Construction is targeted through the end of September, said Chris Akbari with ITEX Developers of Port Arthur. ITEX specializes in property management and construction, and was able to get tax credits and funding assistance through the Texas Department of Housing and Community Affairs.

The project was originally earmarked for $16 million, however, ITEX was able to get additional funding, increasing the cost to about $18 million, Akbari said.

Unit prices are undetermined and subject to change, he said.

“For quite some time we’ve been tearing down a significant number of units in the neighborhood and building them back,” he said.
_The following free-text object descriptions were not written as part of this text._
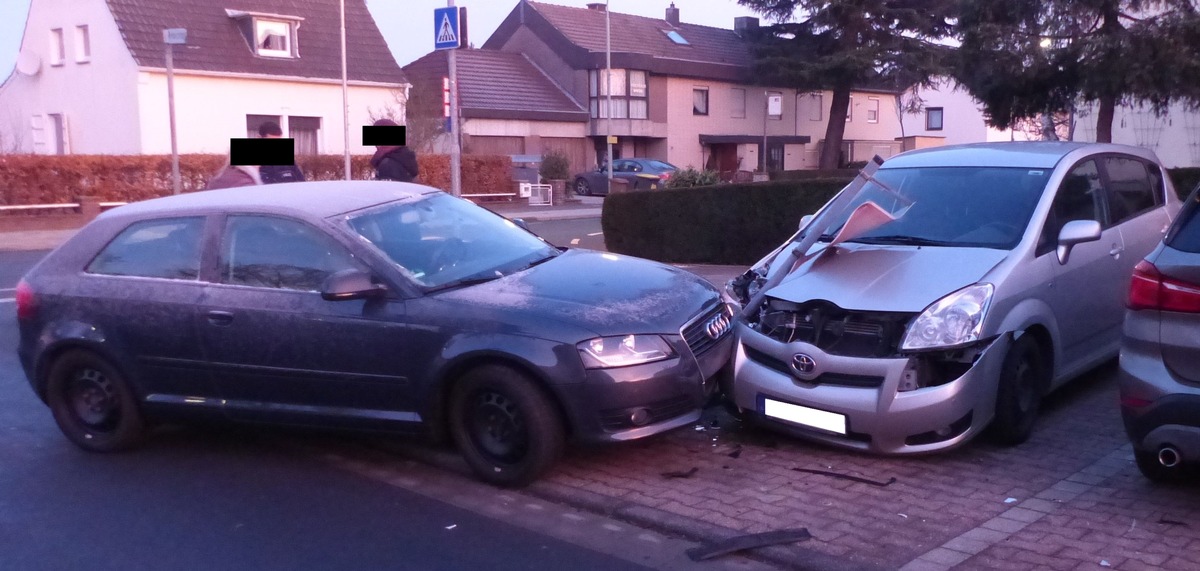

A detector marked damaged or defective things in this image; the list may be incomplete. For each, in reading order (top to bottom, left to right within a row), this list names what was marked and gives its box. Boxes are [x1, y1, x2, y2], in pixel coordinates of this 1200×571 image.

crumpled hood [436, 248, 715, 333]
crumpled hood [763, 242, 1008, 311]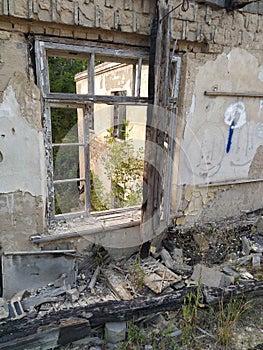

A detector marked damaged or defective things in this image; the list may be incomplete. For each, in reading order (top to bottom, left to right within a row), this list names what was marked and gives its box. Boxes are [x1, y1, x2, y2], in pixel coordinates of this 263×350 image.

broken window frame [34, 36, 151, 221]
broken wooden board [102, 268, 133, 300]
broken wooden board [142, 256, 182, 294]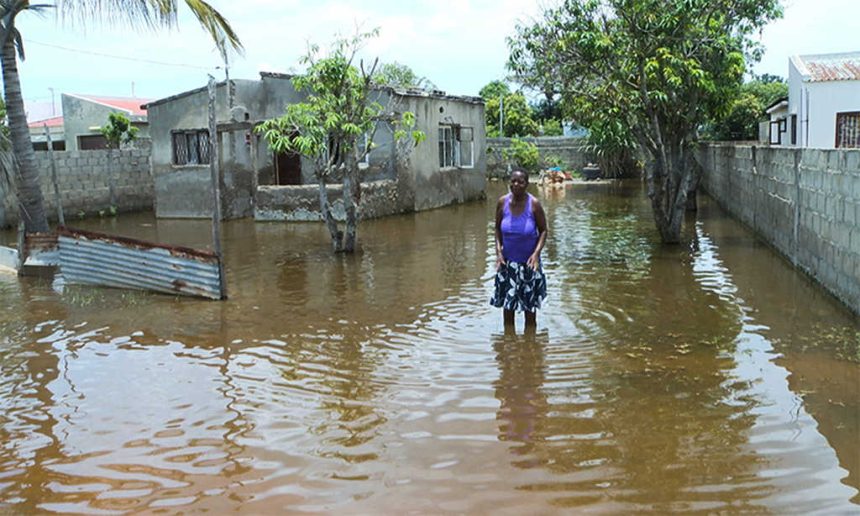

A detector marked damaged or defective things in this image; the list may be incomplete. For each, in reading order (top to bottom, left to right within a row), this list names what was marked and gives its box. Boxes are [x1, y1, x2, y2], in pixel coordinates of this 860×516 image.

rusted corrugated metal sheet [58, 228, 225, 300]
rusty metal panel [58, 228, 225, 300]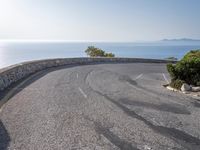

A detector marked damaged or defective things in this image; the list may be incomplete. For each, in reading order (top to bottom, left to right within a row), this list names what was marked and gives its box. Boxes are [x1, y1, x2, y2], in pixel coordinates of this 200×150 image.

“There were originally going to be 115 quad units, tri-units and duplexes, but we received some additional funding and altogether now, there will be 150 units with three bedrooms, two-and-a half baths, two stories and a one- or two-car garage.”

There will also be a community center, and several other amenities such as a playground, he said.

“Right now we’ve demolished about 60 structures,” he said.

Since the Navy Park Addition is considered a part of Orange history, ITEX had to get clearance through the Texas Historic Commission. The Orange City Council was also required to approve the project.

Nightclub owner Buster Johnson owned much of Navy Park Addition at one time. Officers’ quarters were confined to their own section on the grounds. The community was built more than 60 years ago to house shipyard workers during World War II.

The units were among the first housing facilities constructed specifically to support wartime production.

According to a 1997 report prepared by the Orange Historical Commission, the Naval Base at Orange was considered “closed” in 1962, although continued to operate as a reserve base.

Orange’s population grew from some 7,500 in 1940, to an estimated 45,000 by 1943.

Many Navy Park streets are named after Naval heroes such as Farragut, Dewey and Decatur. Another street honors Franklin Roosevelt, president during most of the war.